Sintió la presencia de otra persona en el lado opuesto de la habitación y volteó de golpe a iluminarla. Era una señora anciana, despeinada, desdentada y desnuda. Edgar cerró los ojos. No quería ver. Se negaba a creer lo que estaba atestiguando. --¡Mi mamá!, ¡No encuentro a mi mamá! – gritaba la señora. A su lado apareció otra figura. Un hombre de unos 50 años, con las manos en la cabeza y expresión de horror, también descalzo, con una bata blanca, corta. –Creo que no estamos vivos. Creo que no estamos vivos. Creo que no estamos vivos. Creo que no estamos vivos.--, repetía. Edgar no sabía si preocuparse por el intenso dolor, por las imágenes que veía, por los latidos de su corazón o por la posible pérdida de la razón. El adolescente soltó un grito espontáneo y desapareció junto a los otros dos entes. El residente oyó unos pasos recorriendo el cuarto. Rotó la cabeza a su lado izquierdo y vio unos pies enormes de hombre a su lado. Alzó la mirada y con terror se percató que estaba de pie un hombre alto en bata, calvo y gordo.

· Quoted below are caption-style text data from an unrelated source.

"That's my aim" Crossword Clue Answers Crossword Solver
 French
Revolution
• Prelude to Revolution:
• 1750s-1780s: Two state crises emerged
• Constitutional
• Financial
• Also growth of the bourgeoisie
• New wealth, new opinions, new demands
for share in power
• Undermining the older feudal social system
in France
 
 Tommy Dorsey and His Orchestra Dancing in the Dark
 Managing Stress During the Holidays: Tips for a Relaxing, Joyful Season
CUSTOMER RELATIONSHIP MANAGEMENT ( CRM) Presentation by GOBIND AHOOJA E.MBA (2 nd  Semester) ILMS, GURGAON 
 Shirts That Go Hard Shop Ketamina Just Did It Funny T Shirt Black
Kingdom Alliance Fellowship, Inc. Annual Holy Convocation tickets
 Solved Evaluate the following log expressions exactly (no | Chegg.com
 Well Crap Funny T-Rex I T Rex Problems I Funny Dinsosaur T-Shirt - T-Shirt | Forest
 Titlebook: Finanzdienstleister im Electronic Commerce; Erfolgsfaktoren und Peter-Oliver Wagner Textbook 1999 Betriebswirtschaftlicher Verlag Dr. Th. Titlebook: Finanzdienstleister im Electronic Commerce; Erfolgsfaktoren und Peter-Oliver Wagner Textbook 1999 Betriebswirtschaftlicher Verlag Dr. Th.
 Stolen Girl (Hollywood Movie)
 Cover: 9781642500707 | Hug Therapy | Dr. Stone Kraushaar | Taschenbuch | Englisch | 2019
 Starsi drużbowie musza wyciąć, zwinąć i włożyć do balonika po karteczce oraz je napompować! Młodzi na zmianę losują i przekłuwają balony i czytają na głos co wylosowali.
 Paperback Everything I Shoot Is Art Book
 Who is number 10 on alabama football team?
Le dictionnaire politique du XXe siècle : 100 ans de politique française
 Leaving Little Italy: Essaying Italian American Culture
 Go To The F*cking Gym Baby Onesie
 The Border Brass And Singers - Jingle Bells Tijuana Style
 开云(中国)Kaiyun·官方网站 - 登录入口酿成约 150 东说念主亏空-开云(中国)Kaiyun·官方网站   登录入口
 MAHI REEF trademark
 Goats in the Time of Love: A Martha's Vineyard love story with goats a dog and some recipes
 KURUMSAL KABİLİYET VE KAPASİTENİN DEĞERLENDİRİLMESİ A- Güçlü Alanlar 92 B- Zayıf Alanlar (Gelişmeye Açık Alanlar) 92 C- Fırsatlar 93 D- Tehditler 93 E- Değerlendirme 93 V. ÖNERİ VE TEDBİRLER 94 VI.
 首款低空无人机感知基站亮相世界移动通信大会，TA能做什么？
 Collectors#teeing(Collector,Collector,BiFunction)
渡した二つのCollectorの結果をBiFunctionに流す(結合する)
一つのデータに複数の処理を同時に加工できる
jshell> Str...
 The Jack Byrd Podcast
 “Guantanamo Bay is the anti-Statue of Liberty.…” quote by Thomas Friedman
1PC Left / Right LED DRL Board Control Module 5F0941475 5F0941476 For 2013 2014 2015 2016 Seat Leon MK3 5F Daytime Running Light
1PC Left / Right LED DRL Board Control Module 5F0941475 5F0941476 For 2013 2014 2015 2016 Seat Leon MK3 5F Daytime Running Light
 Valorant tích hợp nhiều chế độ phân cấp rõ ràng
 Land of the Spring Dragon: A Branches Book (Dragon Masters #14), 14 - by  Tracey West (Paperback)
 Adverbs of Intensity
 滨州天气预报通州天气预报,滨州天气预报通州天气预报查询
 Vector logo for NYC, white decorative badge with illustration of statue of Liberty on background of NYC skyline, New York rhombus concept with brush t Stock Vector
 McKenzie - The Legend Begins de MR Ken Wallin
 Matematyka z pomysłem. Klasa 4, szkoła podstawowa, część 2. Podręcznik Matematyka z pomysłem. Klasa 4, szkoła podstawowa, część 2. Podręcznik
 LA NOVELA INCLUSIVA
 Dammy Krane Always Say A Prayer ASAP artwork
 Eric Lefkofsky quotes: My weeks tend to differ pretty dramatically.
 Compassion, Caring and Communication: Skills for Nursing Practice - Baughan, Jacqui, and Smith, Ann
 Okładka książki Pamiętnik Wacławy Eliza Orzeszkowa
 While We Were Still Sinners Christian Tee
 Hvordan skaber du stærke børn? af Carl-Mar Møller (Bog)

Éste se agachó hasta quedar cara a cara con Edgar, como si se tratara de una bestia olfateando a su presa. –Yo solo quiero descansar. ¿Por qué me despiertas? – dijo, soltando con cada exhalación una pestilencia vomitiva. Edgar gritó con todas sus fuerzas acompañado por un llanto muy similar al de alguien que ha perdido toda esperanza. El hombre también gritó directo al rostro del residente, hasta que lo hizo callar con su enorme y fría mano. –Escucha. Cállate. Escucha. ¡Shhh! –dijo el hombre y, Edgar, con la boca tapada por la enorme mano y los ojos abiertos e irritados escuchó cómo por la puerta se colaba un clac-clac-clac-clac. Cerró los ojos. Los apretó lo más que pudo. Sabía con exactitud qué significaba ese sonido. –Ahí viene esa loca. —dijo el hombre. –Ahí viene esa loca. Yo no la maté. Yo no la maté. Ella no se muere. Ella no se calla. ¡No se calla nunca!, ¡No se muere!, ¡Aquí nadie se muere! –
Clac-clac-clac-clac-aaaah.
Clac-clac-clac-clac-aaaah.
Clac-clac…
El hombre calvo retiró la mano. Edgar abrió los ojos. Unos ojos azules lo miraban de frente.
  El joven residente había comentado sus planes a Octavio, un compañero de la universidad. Pasados dos días, al haber desaparecido, los padres de Edgar pidieron ayuda para encontrarlo. –Se fue al páramo de Tlahueliloc --, comentó Octavio. Esa misma tarde, los padres emprendieron el viaje, acompañados por los hermanos del joven residente y lo encontraron inconsciente y deshidratado bajo la viga del segundo piso de San Simeón.
  Tres días mas tarde, en el Sanatorio Español, Edgar abrió los ojos. Su madre le acarició la frente. –Aquí estamos, mi amor. Ya todo esta bien. – le dijo, a lo cual, el joven contestó con un interminable: –clac-clac-clac-clac-aaaah.